12. In the given diagram, O is the centre of the circle and PQRS is a cyclic quadrilateral.

    1. Write the relationship between angle ∠QRS and reflex ∠QOS.
    2. If ∠QPS = 46°, find the value of ∠QOS.
    3. Verify experimentally that: ∡QPS + ∡QRS = 180°. (Two circles having radii more than 3 cm are necessary.)
13. In quadrilateral PQRS, PQ = 5 cm, QR = 4.5 cm, RS = SP = 6 cm and QS = 6.5 cm.
    1. Construct quadrilateral PQRS according to the above measurements and then construct a triangle which is equal to the quadrilateral in area.
    2. Why the area of the quadrilateral and triangle are equal? Give reason.
14. In the given figure, from the top of a tower AB 30 meter high, the angle of depression of the roof of a house is 30°. The distance between tower and house is 10√3 meter.

    1. Write the definition of the angle of elevation.
    2. What is the angle of elevation of the top of the tower from the roof of the house?
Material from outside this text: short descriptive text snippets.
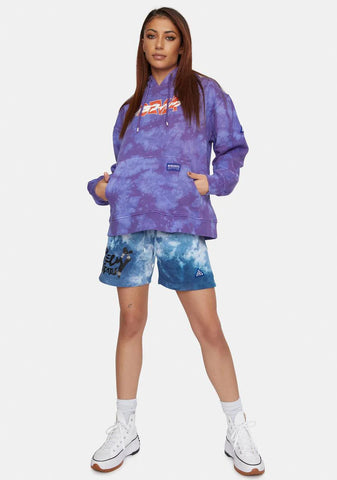 Gurafiku Tie Dye Hoodie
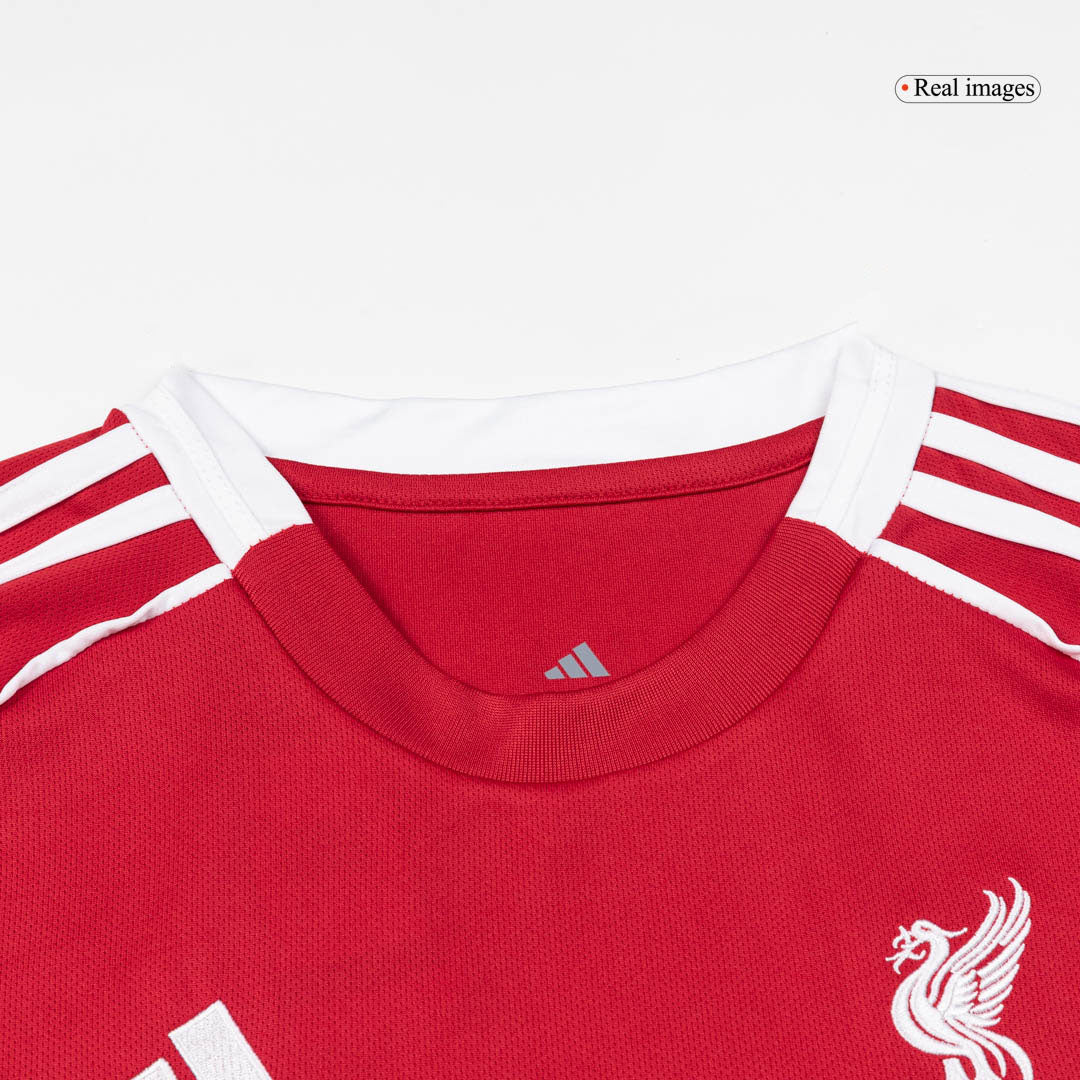 Liverpool Tröja 2025/26 Hemma Röd Dam-8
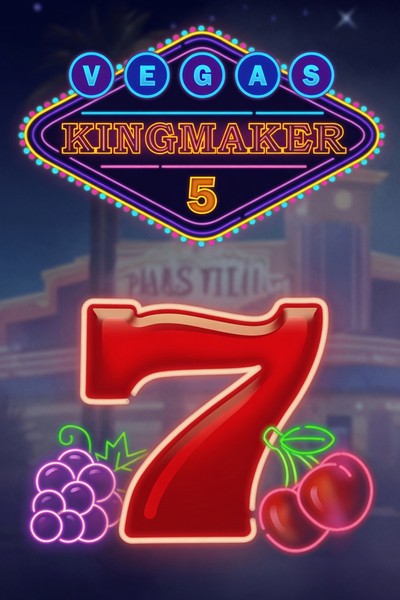 Hrací automat Vegas Kingmaker 5 v Cleobetra Casino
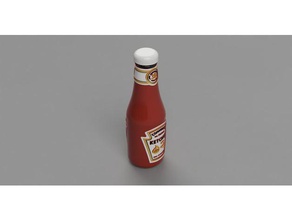 ketchy - community ketchup signs & logos 3d print model - Mito3D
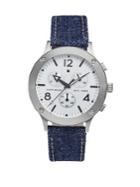 Lucky Brand Rockpoint Multi-function Denim Watch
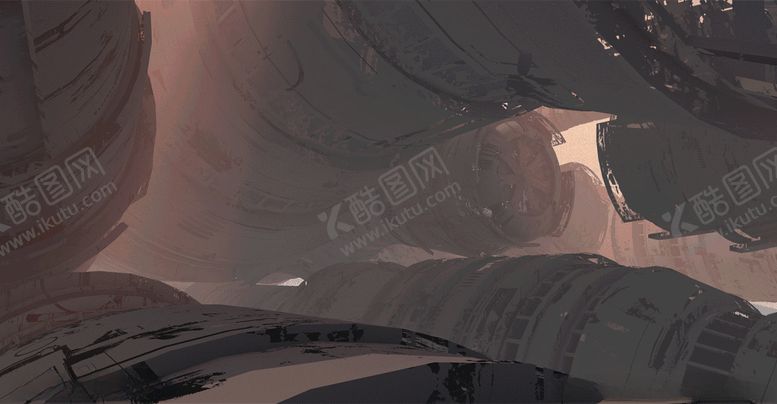 编号：31469910021512299505【酷图网】源文件下载-未来世界科幻场景图案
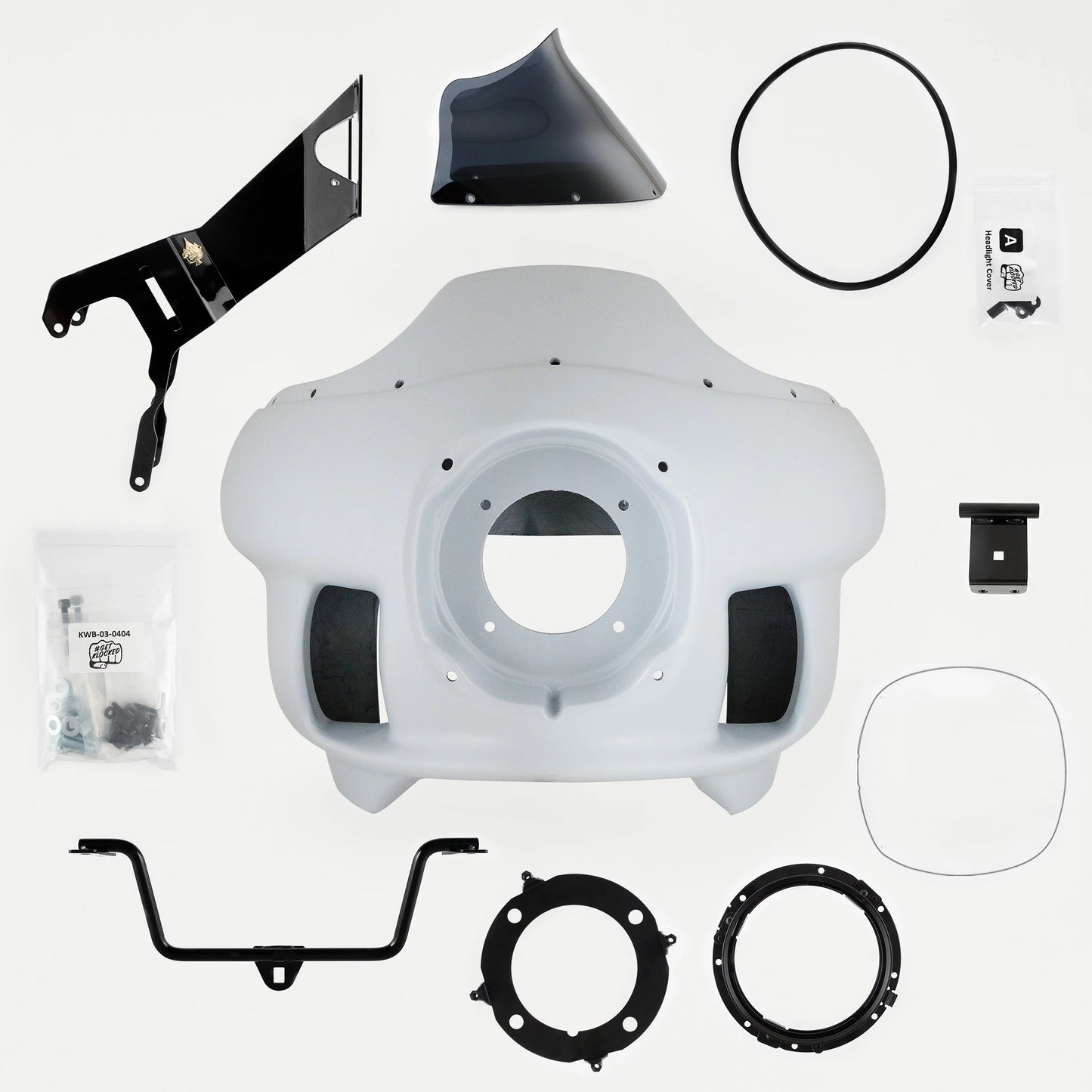 Klock Werks FXRP Style Fairing Fit Kit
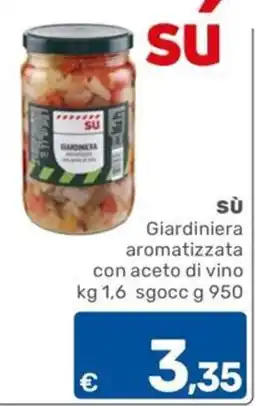 ARCA C+C cash and carry Giardiniera aromatizzata con aceto di vino offerta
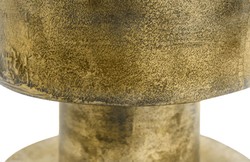 Casa Padrino mesa auxiliar de oro antiguo 51.5 x H. 47.5 cm - mesa de salón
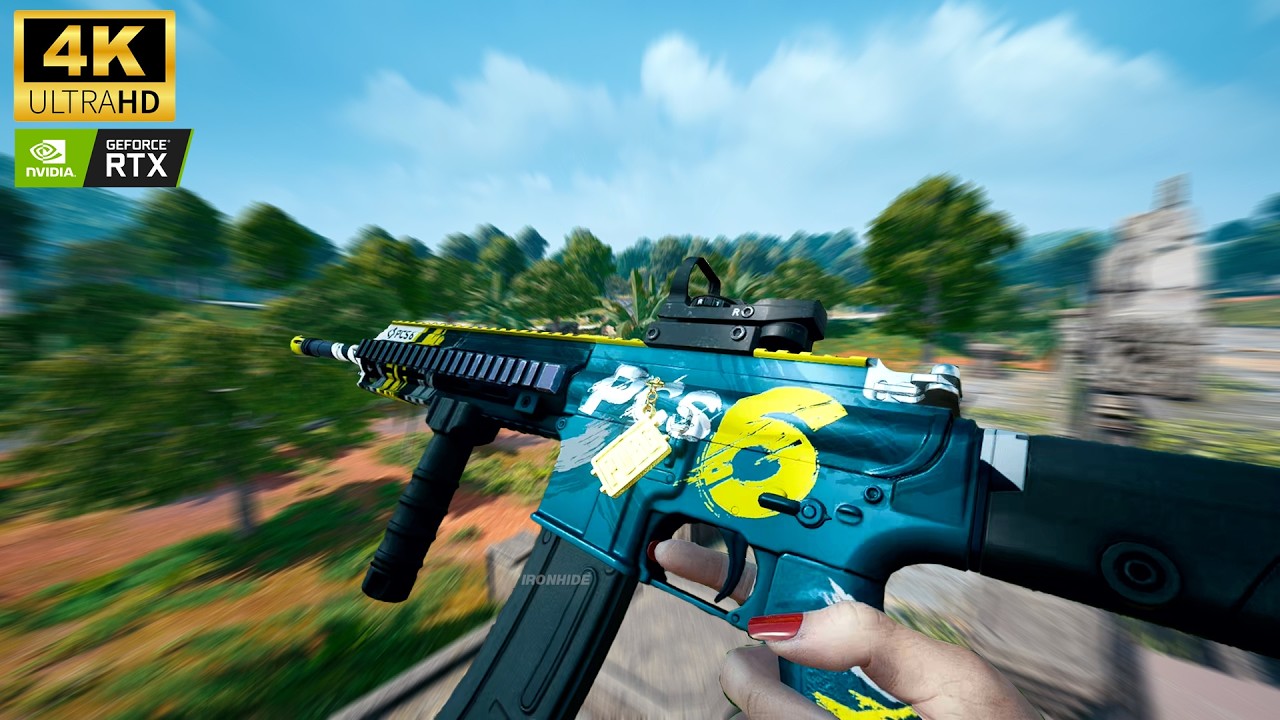 PUBG PC: One Mistake in Sanhok Could Cost You The Game - 4K GAMEPLAY (No Commentary)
Write it.
    3. Find the height of the house.
    4. What is the value of ∠CAH when AE = EC? Give reason.
15. The marks obtained by 15 students in an examination with full mark 50 are given in table.

    Obtained Marks	0–10	10–20	20–30	30–40	40–50
    Number of Students	5	3	4	2	1

    1. Write the formula to calculate the first quartile of continuous series.
    2. Find the first quartile of the given data.
    3. Calculate the mean of the given data.
16. A bag contains 7 black and 4 red balls of same shape and size. Two balls are drawn randomly one after another without replacement.
    1. If B and R be two independent events then write the formula of P(B ∩ R).
    2. Show the probability of all possible outcomes in a tree diagram.
    3. Find the probability of getting both black balls.
    4. By how much the probability of getting both red balls is more or less than the probability of getting both black balls? Find it.